The full source code for the neural network and the interactive demonstrations can be found on GitHub.
Increasing numbers of us are turning to solutions based on neural networks to help us with a wide variety of tasks. From accelerating software development through to getting advice on personal issues they are becoming almost the goto tool for many people.
But how do they actually work?
I figured it would be fun, and perhaps helpful to others, to explore this through a series of practical, interactive, explained, examples of increasing complexity over a fairly short (5 part) series.
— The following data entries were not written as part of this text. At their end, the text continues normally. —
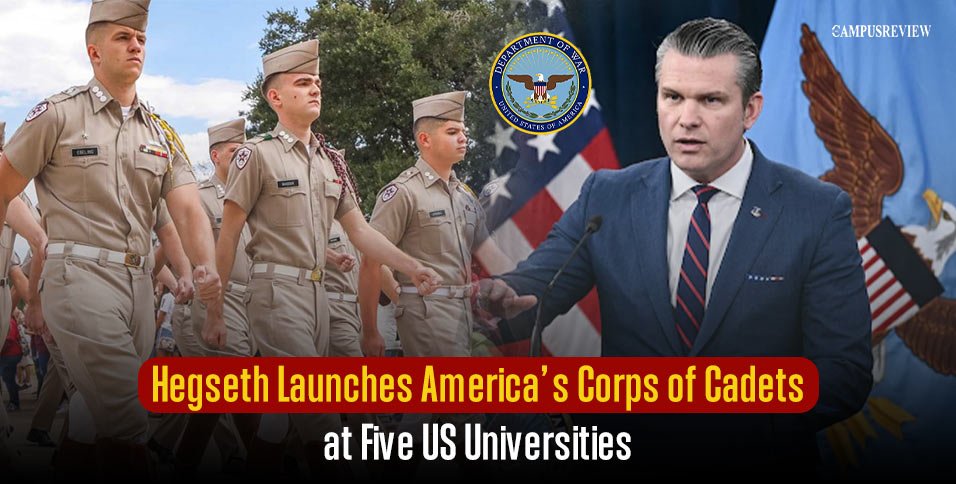 Hegseth Launches America’s Corps of Cadets at Five US Universities
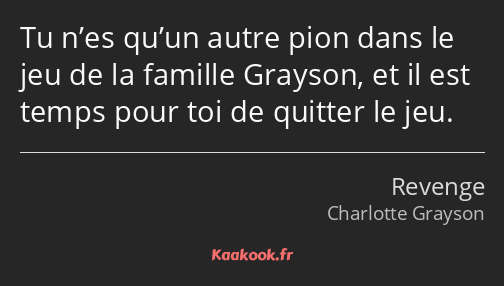 Tu n’es qu’un autre pion dans le jeu de la famille Grayson, et il est temps pour toi de quitter le…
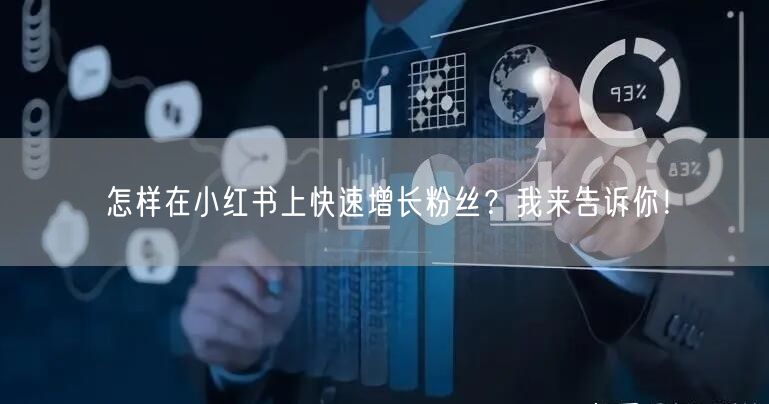 怎样在小红书上快速增长粉丝？我来告诉你！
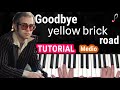 Como tocar "Goodbye yellow brick road"(Elton John) - Piano tutorial y partitura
And I promise that by part 5 we’ll have something pretty cool!
The first thing we’re going to see is that they are, in fact, fundamentally really simple and have absolutely nothing to do with actual neurons at all. The cynic in me can’t help but think that the AI folk love to dress up what they do in humanistic and biological language to convince people they are doing more profound work than they are. Also: it sells.
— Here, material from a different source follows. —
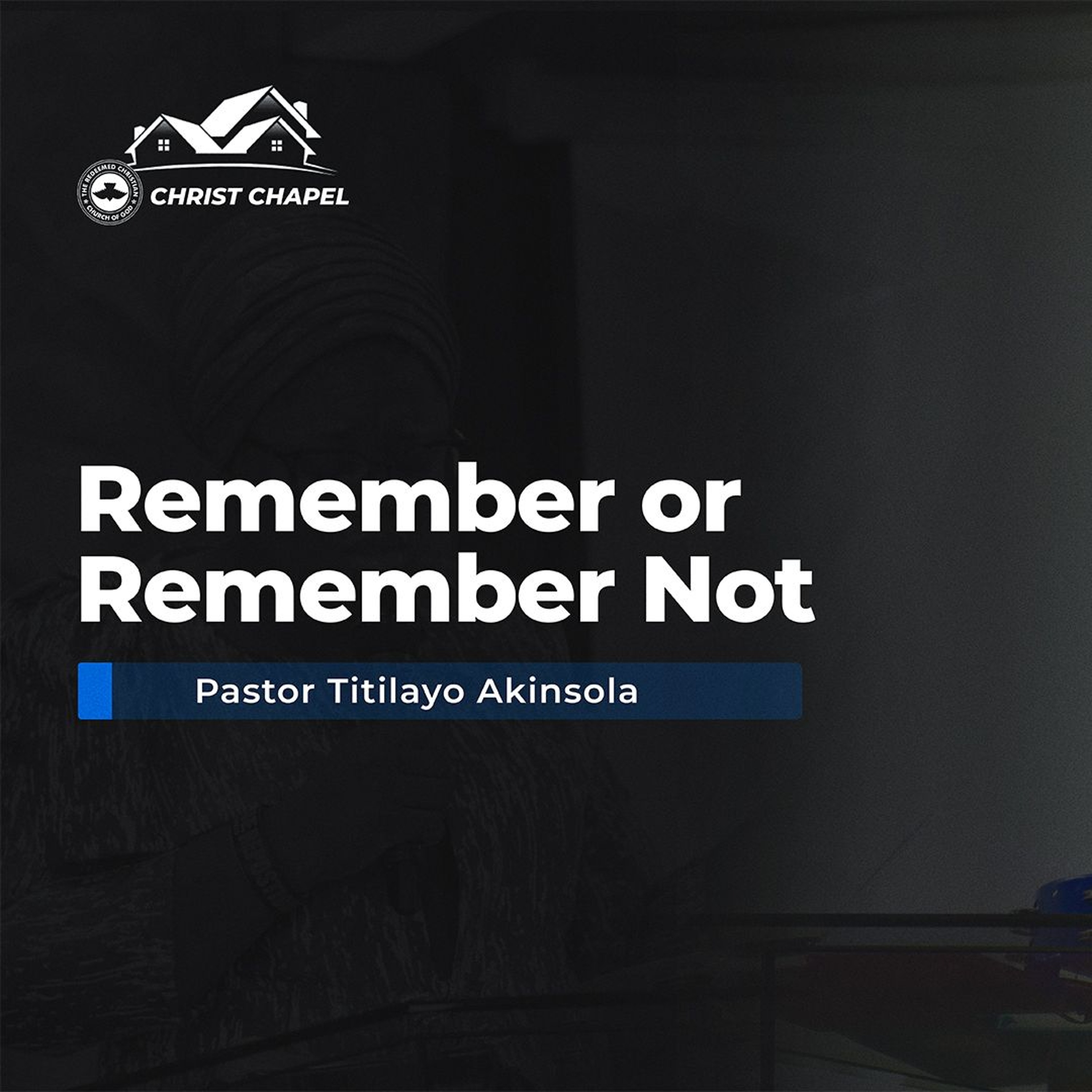Remember or Remember Not | Pastor Titilayo Akinsola | July 20, 2025 episode artwork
As a simple example we’re going to look at a neural network that can XOR two numbers together but before we get to the interactive example a little bit of background is useful.
XOR
XOR is a simple bitwise operation that, if you’re a crusty old developer like me, you might remember as being a handy and performant way of drawing and removing sprites on 8-bit machines so that they didn’t erase the background or require a load of CPU time.
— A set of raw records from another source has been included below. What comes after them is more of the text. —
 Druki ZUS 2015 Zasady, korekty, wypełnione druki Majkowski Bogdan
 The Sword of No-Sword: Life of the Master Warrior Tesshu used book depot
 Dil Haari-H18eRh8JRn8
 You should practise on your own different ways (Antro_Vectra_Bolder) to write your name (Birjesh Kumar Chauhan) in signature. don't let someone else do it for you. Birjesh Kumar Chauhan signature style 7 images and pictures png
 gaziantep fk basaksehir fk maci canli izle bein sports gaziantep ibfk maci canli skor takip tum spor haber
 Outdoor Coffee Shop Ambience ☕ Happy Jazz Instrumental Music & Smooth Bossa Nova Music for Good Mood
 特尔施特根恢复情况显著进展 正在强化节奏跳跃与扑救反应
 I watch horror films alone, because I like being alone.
Given two input bits the output of the XOR operation is shown in the table below:
| Input A |
Input B |
Output |
| 0 |
0 |
0 |
| 0 |
1 |
1 |
| 1 |
0 |
1 |
| 1 |
1 |
0 |
In this example we’re going to setup and train a neural network to handle an XOR calculation. Gross overkill, sure, and I don’t think this would be an effective way of drawing sprites on an 8-bit machine, but it makes for a great first example.
Neurons
Firstly neurons. Neurons are basically nodes in the network that have one or more weighted inputs and themselves have a bias. The input, the weights and the bias are all numbers. The neuron works by multiplying each input by its weight, adding the bias and then squashing all this into a number in the range of 0 to 1. Without that squashing step the neuron is just doing basic arithmetic, and when we look at the network we’ll see that we stack layers of neurons and if we just stack layers of basic arithmetic we achieve nothing more than a single layer could. The squash is what gives the network its power.
For our simple XOR example we’re going to use a squashing function called sigmoid. These squashing functions are called activation functions and thats how we’ll refer to them from here on. And so for a neuron with two inputs all it does is run this formula:
output = sigmoid((input1 * weight1) + (input2 * weight2) + bias)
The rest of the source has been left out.